=== Dataset records ===
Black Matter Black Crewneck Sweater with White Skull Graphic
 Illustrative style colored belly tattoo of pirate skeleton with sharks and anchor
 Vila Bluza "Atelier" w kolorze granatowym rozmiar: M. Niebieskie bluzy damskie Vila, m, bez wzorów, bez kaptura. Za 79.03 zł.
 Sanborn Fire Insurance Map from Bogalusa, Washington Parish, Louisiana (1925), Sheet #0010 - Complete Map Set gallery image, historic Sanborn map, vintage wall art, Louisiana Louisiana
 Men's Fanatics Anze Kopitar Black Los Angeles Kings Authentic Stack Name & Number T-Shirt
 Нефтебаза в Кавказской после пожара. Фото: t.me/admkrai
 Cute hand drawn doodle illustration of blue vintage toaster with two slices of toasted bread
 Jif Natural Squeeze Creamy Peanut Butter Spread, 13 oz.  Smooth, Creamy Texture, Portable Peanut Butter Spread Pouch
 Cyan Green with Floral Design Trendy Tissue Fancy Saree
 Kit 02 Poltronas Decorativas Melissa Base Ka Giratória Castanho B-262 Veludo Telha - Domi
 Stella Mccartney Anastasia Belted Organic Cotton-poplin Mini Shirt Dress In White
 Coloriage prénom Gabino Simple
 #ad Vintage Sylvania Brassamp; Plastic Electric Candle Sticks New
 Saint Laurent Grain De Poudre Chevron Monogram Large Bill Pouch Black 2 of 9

=== Instructions to follow ===
The assignment is to restate, word for word, each line from the one containing "Stella Mccartney Anastasia" through the final line of the material above.

=== Expected answer ===
 Stella Mccartney Anastasia Belted Organic Cotton-poplin Mini Shirt Dress In White
 Coloriage prénom Gabino Simple
 #ad Vintage Sylvania Brassamp; Plastic Electric Candle Sticks New
 Saint Laurent Grain De Poudre Chevron Monogram Large Bill Pouch Black 2 of 9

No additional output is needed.